To understand the critical density of the universe in terms of hydrogen atoms, we first need to grasp the mass of a single hydrogen atom. A hydrogen atom consists mainly of a single proton. The mass of a proton is approximately \(1.67 \times 10^{-27} \text{ kg}\). This tiny mass might seem insignificant, but it plays a crucial role in universe density calculations. The mass of a hydrogen atom is pivotal because it provides a baseline to calculate how many such atoms fit in a given mass density, such as the critical density of the universe. By using this approximate mass, we can convert mass density into the number of atoms, which is a more intuitive measurement for many calculations.

Calculating universe density, particularly the critical density, involves understanding how many hydrogen atoms fit in a cubic meter. The critical density of the universe is the theoretical density needed for the universe to remain in a delicate balance between expansion and gravitational collapse. Given as \(5.8 \times 10^{-27} \text{ kg/m}^3\), this density is quite low. By dividing this critical density by the mass of a hydrogen atom, \(1.67 \times 10^{-27} \text{ kg}\), we approximate that there are about \(3.47\) hydrogen atoms per cubic meter. This conversion helps conceptualize the sparseness of matter spread throughout the universe, making it easier to understand vast and complex cosmological concepts in understandable physical terms.

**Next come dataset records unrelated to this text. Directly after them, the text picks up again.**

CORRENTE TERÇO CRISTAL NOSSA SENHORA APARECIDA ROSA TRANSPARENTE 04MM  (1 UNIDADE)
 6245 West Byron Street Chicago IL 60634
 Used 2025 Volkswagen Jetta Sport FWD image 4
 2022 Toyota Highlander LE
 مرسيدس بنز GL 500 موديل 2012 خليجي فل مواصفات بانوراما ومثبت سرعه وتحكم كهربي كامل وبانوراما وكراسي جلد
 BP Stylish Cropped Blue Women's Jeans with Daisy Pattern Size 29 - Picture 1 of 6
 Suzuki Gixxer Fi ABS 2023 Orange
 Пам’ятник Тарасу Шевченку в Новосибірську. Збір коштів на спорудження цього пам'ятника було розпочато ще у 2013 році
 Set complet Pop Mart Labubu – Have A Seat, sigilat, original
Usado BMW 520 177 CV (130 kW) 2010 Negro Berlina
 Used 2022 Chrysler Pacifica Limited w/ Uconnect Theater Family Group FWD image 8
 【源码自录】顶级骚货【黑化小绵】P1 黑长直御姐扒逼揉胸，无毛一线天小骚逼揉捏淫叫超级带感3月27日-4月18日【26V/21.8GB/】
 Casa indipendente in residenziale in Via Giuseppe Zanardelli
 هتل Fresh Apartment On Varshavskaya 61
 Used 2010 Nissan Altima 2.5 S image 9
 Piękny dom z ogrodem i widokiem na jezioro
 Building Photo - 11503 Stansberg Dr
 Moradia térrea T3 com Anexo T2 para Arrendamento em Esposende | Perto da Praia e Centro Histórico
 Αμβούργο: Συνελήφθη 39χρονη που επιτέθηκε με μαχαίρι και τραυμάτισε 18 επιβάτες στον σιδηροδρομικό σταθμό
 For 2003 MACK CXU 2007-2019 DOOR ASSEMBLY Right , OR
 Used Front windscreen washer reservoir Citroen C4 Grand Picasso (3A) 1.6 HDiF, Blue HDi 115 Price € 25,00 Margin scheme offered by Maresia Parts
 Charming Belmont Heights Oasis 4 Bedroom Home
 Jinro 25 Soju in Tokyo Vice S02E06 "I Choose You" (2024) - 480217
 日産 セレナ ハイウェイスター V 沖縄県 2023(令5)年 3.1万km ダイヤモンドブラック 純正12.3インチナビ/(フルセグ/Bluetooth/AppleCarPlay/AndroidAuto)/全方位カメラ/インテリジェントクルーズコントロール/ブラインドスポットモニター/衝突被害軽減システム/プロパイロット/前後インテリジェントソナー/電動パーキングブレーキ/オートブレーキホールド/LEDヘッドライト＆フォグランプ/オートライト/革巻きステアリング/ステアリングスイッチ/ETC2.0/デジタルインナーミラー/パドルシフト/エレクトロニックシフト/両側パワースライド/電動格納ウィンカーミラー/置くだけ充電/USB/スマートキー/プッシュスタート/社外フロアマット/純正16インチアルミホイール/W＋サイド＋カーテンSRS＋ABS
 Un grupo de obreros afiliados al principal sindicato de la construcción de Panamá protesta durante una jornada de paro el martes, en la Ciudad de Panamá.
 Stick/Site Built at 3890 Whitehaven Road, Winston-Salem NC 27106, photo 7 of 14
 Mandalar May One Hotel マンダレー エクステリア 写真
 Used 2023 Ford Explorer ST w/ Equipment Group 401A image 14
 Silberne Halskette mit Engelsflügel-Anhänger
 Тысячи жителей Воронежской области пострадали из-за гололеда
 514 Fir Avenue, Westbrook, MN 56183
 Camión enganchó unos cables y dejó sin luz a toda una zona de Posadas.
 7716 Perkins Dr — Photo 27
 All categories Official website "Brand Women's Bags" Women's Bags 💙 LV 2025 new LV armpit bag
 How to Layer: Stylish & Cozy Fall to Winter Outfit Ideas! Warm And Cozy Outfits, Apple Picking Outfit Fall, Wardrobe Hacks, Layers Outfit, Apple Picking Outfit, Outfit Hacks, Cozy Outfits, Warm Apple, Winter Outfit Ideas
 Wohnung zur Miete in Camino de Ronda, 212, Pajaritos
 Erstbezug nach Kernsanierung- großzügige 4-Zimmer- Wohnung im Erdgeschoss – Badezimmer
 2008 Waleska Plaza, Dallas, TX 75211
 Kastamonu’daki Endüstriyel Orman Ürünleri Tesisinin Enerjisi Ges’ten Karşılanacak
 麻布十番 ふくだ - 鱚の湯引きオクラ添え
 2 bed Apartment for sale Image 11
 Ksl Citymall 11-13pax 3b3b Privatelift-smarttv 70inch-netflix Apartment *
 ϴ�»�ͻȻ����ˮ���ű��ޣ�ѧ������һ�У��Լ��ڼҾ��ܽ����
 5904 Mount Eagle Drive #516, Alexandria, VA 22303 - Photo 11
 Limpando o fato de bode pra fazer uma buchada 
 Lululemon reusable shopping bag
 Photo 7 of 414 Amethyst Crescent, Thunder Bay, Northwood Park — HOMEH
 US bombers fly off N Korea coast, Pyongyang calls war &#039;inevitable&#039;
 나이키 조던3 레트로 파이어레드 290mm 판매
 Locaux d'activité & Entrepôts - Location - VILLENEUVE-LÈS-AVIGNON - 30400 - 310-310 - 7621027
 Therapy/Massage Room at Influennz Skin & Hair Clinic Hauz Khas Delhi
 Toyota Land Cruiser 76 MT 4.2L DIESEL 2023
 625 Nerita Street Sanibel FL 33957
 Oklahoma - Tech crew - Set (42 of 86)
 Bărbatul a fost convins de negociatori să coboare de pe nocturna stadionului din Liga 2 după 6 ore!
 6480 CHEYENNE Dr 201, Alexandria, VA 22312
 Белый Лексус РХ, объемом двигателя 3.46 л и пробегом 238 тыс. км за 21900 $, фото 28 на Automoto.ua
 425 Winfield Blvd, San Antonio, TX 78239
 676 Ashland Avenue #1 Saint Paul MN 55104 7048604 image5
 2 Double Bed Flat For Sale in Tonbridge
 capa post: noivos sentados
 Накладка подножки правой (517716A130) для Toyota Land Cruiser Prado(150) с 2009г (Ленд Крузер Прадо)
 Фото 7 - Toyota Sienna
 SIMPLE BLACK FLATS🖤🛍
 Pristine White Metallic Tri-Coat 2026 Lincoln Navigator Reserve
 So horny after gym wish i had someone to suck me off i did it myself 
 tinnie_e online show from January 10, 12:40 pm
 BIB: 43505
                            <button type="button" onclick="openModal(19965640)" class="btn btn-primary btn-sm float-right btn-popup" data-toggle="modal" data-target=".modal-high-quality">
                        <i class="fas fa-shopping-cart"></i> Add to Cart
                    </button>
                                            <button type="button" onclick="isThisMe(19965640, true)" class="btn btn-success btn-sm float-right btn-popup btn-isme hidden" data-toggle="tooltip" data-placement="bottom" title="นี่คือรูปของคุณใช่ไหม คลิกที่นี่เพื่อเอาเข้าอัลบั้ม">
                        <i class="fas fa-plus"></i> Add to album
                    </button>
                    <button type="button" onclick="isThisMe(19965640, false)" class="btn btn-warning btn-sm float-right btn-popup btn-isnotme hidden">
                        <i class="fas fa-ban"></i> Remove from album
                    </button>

To comprehend how vastly different the universe's density is compared to Earth, let's consider a room with dimensions \(4 \text{ m} \times 7 \text{ m} \times 3 \text{ m}\). If the universe's density matched the critical density, you'd find approximately \(291\) hydrogen atoms in such a room. In stark comparison, under normal Earth conditions, this same room would contain about \(2.5 \times 10^{25}\) atoms. Earth, with its dense atmosphere and material composition, shows how dense a place it is compared to the expansive and less dense universe. This comparison highlights the immense difference in particle distribution, driving home how unique Earth's conditions are compared to the universe's baseline state. Understanding these numbers underscores the scale and nature of the matter we encounter daily versus the vastness of the cosmos.